-- Opening Marker --
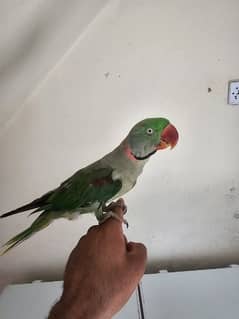 raw Parrot talking just alone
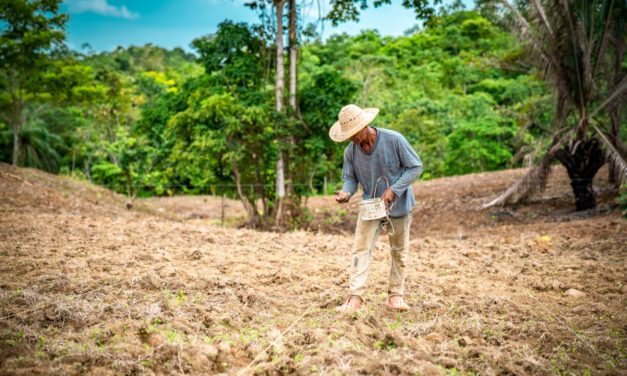 Antioquia logró una inversión récord del fondo Antioquia Siembra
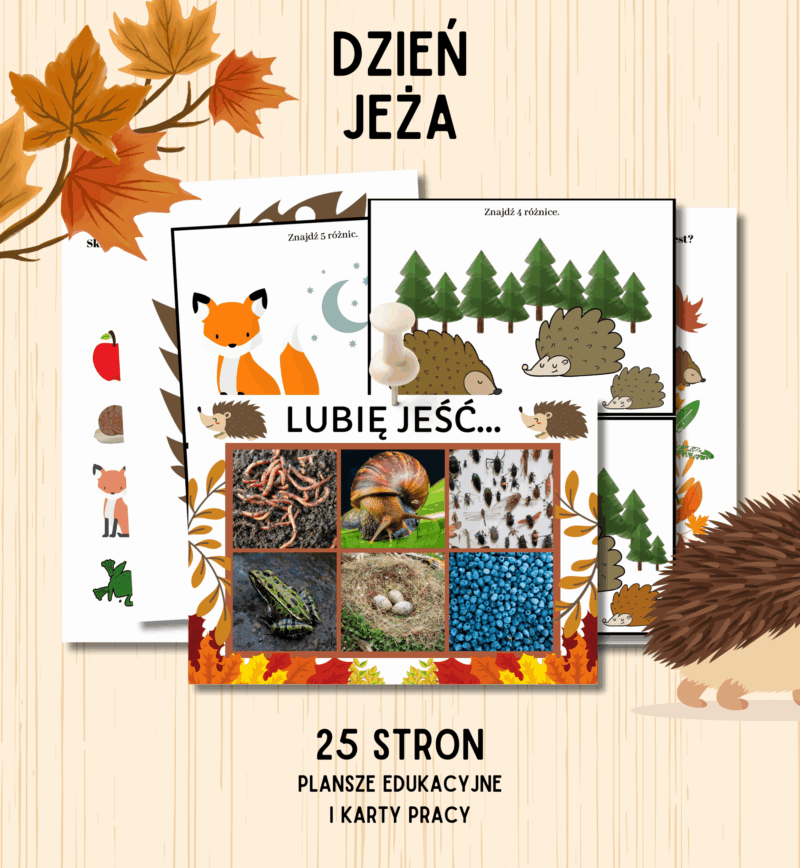 dzień jeża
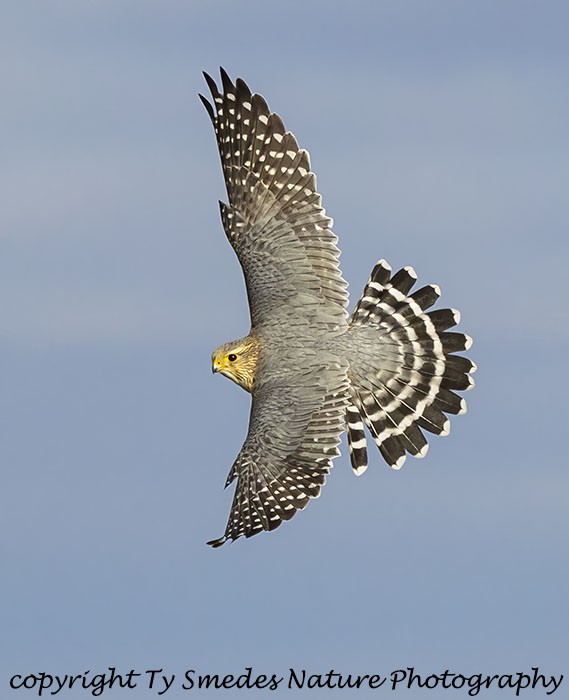 Merlin - Adult Male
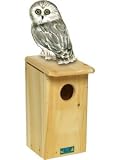 Saw-Whet/Screech Owl House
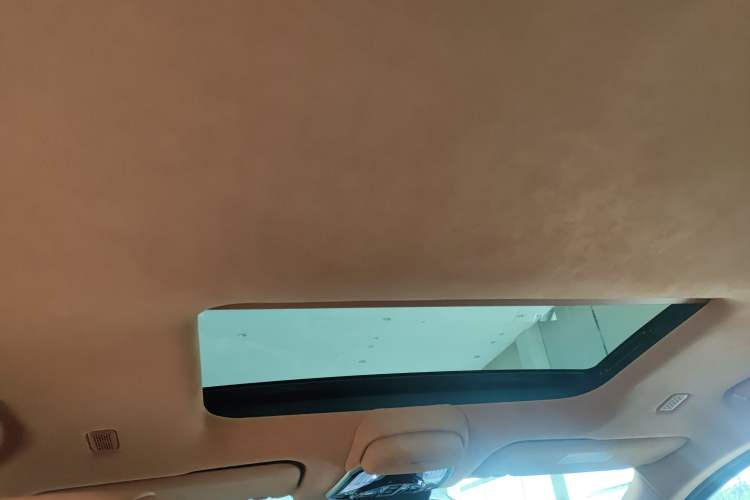 Used Wey Gaoshan 2023 Four-Wheel-Drive Executive Extended Version Headliner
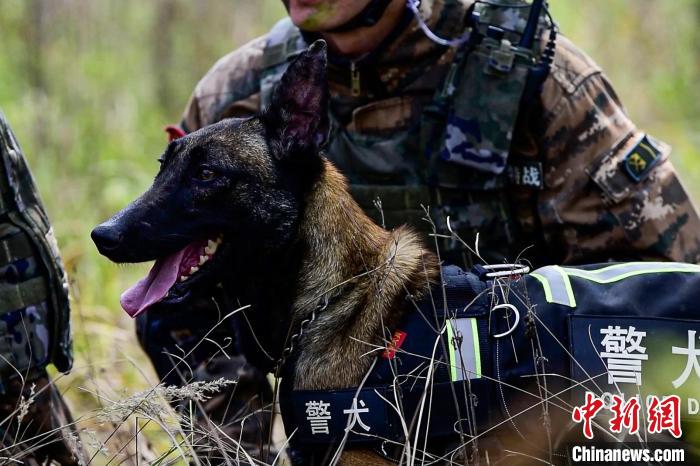 搜索犬協(xié)助行動?！⊥粝渤?攝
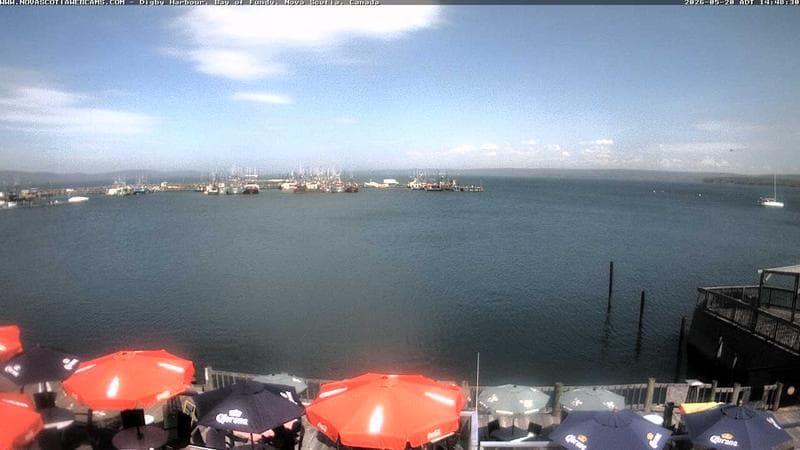 Digby Harbour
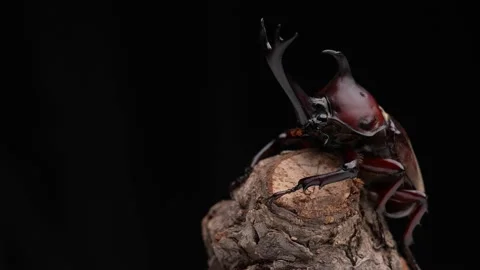 Male Beetle Video stock 240073271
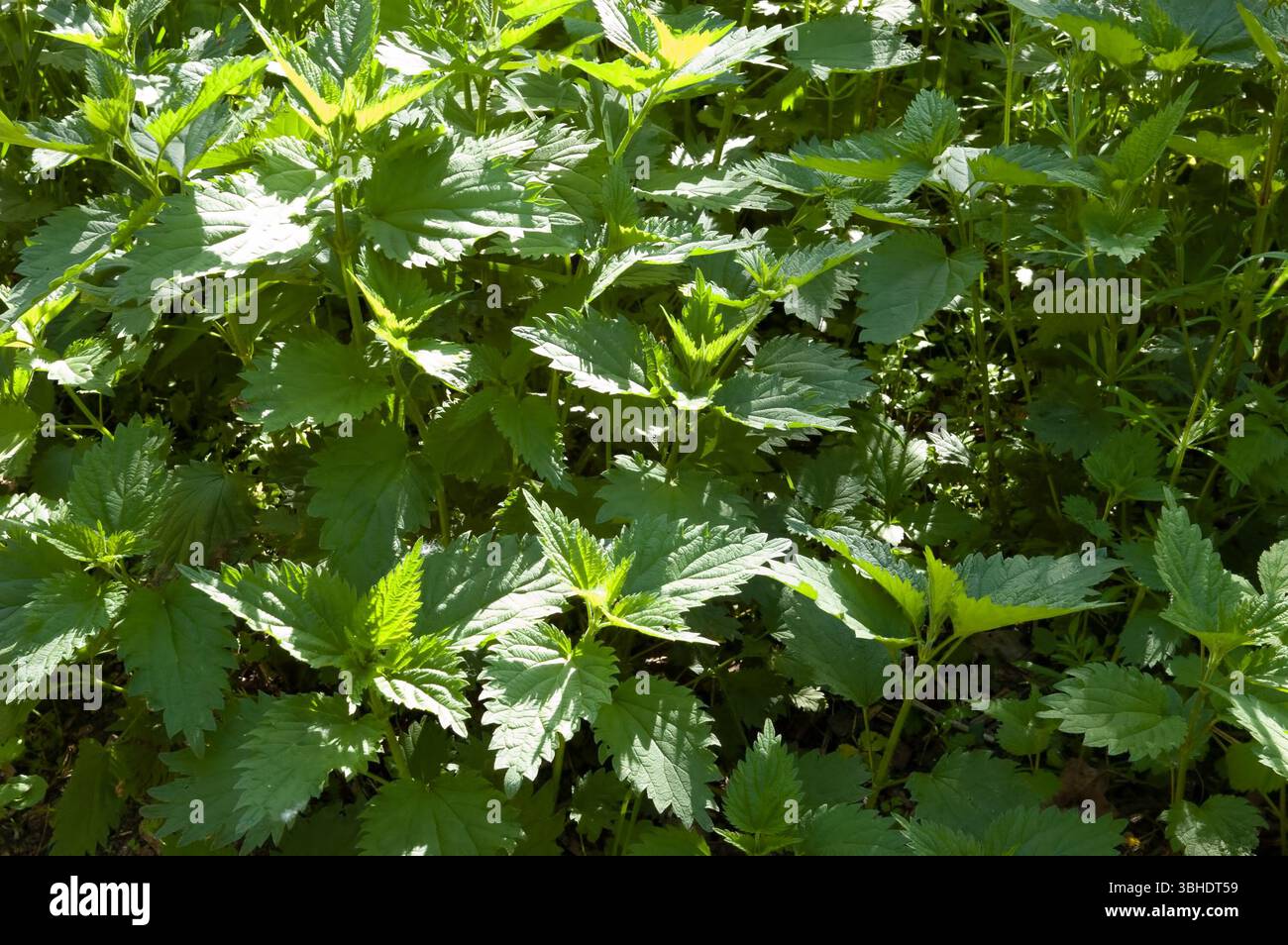Üppige, dichte Brennnesselsträucher, die in hellem Sommersonnenlicht getaucht sind. Stockfoto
-- Closing Marker --
_What you are asked to do:_ Recopy the full listing exactly, passing over any picture.

_Your response:_
 raw Parrot talking just alone
 Antioquia logró una inversión récord del fondo Antioquia Siembra
 dzień jeża
 Merlin - Adult Male
 Saw-Whet/Screech Owl House
 Used Wey Gaoshan 2023 Four-Wheel-Drive Executive Extended Version Headliner
 搜索犬協(xié)助行動?！⊥粝渤?攝
 Digby Harbour
 Male Beetle Video stock 240073271
Üppige, dichte Brennnesselsträucher, die in hellem Sommersonnenlicht getaucht sind. Stockfoto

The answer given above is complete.